Exercise:
Without changing anything, output the records below.

Dataset records:
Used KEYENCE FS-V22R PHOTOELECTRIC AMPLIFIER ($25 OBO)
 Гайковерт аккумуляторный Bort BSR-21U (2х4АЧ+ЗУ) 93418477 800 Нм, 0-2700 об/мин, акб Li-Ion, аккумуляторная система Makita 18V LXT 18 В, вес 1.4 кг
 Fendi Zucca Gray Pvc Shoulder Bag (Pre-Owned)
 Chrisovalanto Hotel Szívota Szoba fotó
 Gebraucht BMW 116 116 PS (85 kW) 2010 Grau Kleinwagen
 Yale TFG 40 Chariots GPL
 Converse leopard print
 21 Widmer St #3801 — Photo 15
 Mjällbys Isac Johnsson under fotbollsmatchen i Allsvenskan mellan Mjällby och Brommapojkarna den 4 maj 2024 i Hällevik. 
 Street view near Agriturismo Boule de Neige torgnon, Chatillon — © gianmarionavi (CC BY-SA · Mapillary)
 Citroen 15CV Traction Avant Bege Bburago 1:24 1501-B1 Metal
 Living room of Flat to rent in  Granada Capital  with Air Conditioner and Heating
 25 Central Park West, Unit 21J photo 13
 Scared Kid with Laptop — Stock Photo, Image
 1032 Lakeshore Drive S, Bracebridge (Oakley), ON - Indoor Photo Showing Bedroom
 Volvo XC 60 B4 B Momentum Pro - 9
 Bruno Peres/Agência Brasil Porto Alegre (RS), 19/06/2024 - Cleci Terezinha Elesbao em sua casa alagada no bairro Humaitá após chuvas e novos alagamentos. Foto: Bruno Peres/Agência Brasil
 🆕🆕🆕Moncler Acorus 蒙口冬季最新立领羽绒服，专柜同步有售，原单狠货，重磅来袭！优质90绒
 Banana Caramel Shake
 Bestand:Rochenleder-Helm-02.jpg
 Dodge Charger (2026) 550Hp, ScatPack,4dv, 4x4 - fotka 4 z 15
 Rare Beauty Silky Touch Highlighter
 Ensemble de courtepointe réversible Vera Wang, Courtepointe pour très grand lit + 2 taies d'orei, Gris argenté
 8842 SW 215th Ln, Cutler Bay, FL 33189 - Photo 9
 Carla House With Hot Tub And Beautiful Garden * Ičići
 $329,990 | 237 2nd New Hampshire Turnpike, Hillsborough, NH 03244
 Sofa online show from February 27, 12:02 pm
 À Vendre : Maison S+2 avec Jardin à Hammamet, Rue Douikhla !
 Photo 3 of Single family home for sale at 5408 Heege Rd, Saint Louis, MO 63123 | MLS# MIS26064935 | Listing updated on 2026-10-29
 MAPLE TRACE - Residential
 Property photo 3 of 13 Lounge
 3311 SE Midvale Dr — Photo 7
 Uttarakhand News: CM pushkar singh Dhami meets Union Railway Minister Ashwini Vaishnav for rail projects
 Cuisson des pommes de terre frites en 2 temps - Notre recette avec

Answer to this task:
Used KEYENCE FS-V22R PHOTOELECTRIC AMPLIFIER ($25 OBO)
 Гайковерт аккумуляторный Bort BSR-21U (2х4АЧ+ЗУ) 93418477 800 Нм, 0-2700 об/мин, акб Li-Ion, аккумуляторная система Makita 18V LXT 18 В, вес 1.4 кг
 Fendi Zucca Gray Pvc Shoulder Bag (Pre-Owned)
 Chrisovalanto Hotel Szívota Szoba fotó
 Gebraucht BMW 116 116 PS (85 kW) 2010 Grau Kleinwagen
 Yale TFG 40 Chariots GPL
 Converse leopard print
 21 Widmer St #3801 — Photo 15
 Mjällbys Isac Johnsson under fotbollsmatchen i Allsvenskan mellan Mjällby och Brommapojkarna den 4 maj 2024 i Hällevik. 
 Street view near Agriturismo Boule de Neige torgnon, Chatillon — © gianmarionavi (CC BY-SA · Mapillary)
 Citroen 15CV Traction Avant Bege Bburago 1:24 1501-B1 Metal
 Living room of Flat to rent in  Granada Capital  with Air Conditioner and Heating
 25 Central Park West, Unit 21J photo 13
 Scared Kid with Laptop — Stock Photo, Image
 1032 Lakeshore Drive S, Bracebridge (Oakley), ON - Indoor Photo Showing Bedroom
 Volvo XC 60 B4 B Momentum Pro - 9
 Bruno Peres/Agência Brasil Porto Alegre (RS), 19/06/2024 - Cleci Terezinha Elesbao em sua casa alagada no bairro Humaitá após chuvas e novos alagamentos. Foto: Bruno Peres/Agência Brasil
 🆕🆕🆕Moncler Acorus 蒙口冬季最新立领羽绒服，专柜同步有售，原单狠货，重磅来袭！优质90绒
 Banana Caramel Shake
 Bestand:Rochenleder-Helm-02.jpg
 Dodge Charger (2026) 550Hp, ScatPack,4dv, 4x4 - fotka 4 z 15
 Rare Beauty Silky Touch Highlighter
 Ensemble de courtepointe réversible Vera Wang, Courtepointe pour très grand lit + 2 taies d'orei, Gris argenté
 8842 SW 215th Ln, Cutler Bay, FL 33189 - Photo 9
 Carla House With Hot Tub And Beautiful Garden * Ičići
 $329,990 | 237 2nd New Hampshire Turnpike, Hillsborough, NH 03244
 Sofa online show from February 27, 12:02 pm
 À Vendre : Maison S+2 avec Jardin à Hammamet, Rue Douikhla !
 Photo 3 of Single family home for sale at 5408 Heege Rd, Saint Louis, MO 63123 | MLS# MIS26064935 | Listing updated on 2026-10-29
 MAPLE TRACE - Residential
 Property photo 3 of 13 Lounge
 3311 SE Midvale Dr — Photo 7
 Uttarakhand News: CM pushkar singh Dhami meets Union Railway Minister Ashwini Vaishnav for rail projects
 Cuisson des pommes de terre frites en 2 temps - Notre recette avec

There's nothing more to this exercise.